Coarse graining on measurement vs phase space (second law) I've followed Leonard Susskinds series on "the theoretical minimum". 
In the entropy/reversibility episode in statistical mechanics, he explains (at least one way of) how the apparent paradox of reversibility vs entropy increase is resolved. (See http://theoreticalminimum.com/courses/statistical-mechanics/2013/spring/lecture-7
and http://theoreticalminimum.com/courses/statistical-mechanics/2013/spring/lecture-8)
The explanation goes something like this:


*

*Assume you know that a system is in within a region of phase space $\Delta$, with a "diameter" $\delta$. The reason would be that you are unable to distinguish between points  a distance $\delta$ apart. (Assuming classical mechanics, it actually is at a specific point, but we don't know which.)

*Let the system evovle. $\Delta(t)$ will spread out sort of fractally, but keep its volume.

*Now, since you can't tell points apart if they're within $\delta$, you basically get a "product" between a sphere with diameter $\delta$ and $\Delta(t)$, giving a new region $\Delta^{\star}(t)$, which tends to get larger.

*Finally the entropy is just logarithm of the volume of $\Delta^{\star}(t)$.
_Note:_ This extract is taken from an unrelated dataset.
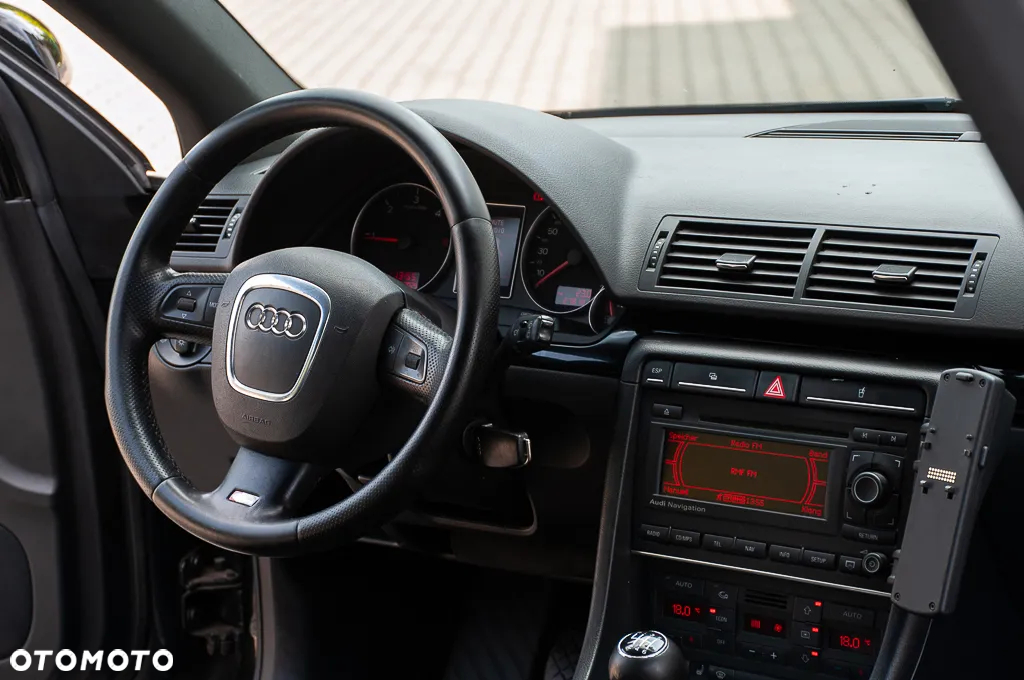 Audi A4 Avant 2.0 TDI DPF - 22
I get this, and that it will eventually decrease etc. What I don't get is why you need to do the third step.
If I measure the system a second time, it still is in a specific point in phase space, and I should be able to distinguish it to the same precision again?
Meaning that the entropy should decrease to the starting value immediately?
EDIT: I do understand the concept of "covering with spheres".
My problem with this concept is the following: Somehow we begin to know that the system is in a certain region. 
I assume we do this by some measurement?
Now, if we can do a measurement with accuracy $\delta$, i.e. with a maximum deviation $\delta$ from the "true" point, at $t=0$, why can't we do it at again at a later time?
EDIT 2:
I'm going to try to explain how I think again. Let's choose to view this as a grid of size $\delta$ instead of spheres, it's easier in the following context. 
Assume the system is at a specific point in phase space, $x(0)$. By measuring it, we can find it resides in a certain grid element (the one that contains $x(0)$).
The system evolves to a new - specific - point in phase space, $x(t)$. Regardless of our initial measurement (the grid cell) or the evolution of that initial grid cell, a new measurement would also give us a single grid element, namely the one that contains $x(t)$? 
 A: The idea of "coarsening" is that we never have sufficient resolution to follow the precise evolution of a volume element of phase space space. It is one way to reconcile the equations of motion (reversible in time) with the apparent irreversibility of nature. The basic argument goes like this: initially we know that the system is somewhere inside a small region of phase space. Because of chaotic evolution, points that are nearby evolve in substantially different ways. The effective volume occupied by the ensemble at some later point is larger than what we started with because of this expansion. Equilibrium is reached when the original blob has spread itself to virtually occupy all accessible space.
This argument essentially describes the evolution of a system in phase space by analogy to diffusion: a blob of ink placed in water eventually diffuses to occupy the entire volume. The initial blob represents a macroscopic region of space that contains all the ink particles. All we can say is all the ink particles are in that blob but we can't tell where each particle is. If at some later time we make a "measurement", as you suggest, we will be mapping the region that contains ink. That region always grows. When it doesn't grow any more we have equilibrium.
Criticism This is one possible way to interpret the second law. The argument requires the ergodic hypothesis, which assumes a distribution of microstates under the action of the laws of mechanics will end up spreading in the entire phase space independently of the details of the initial distribution.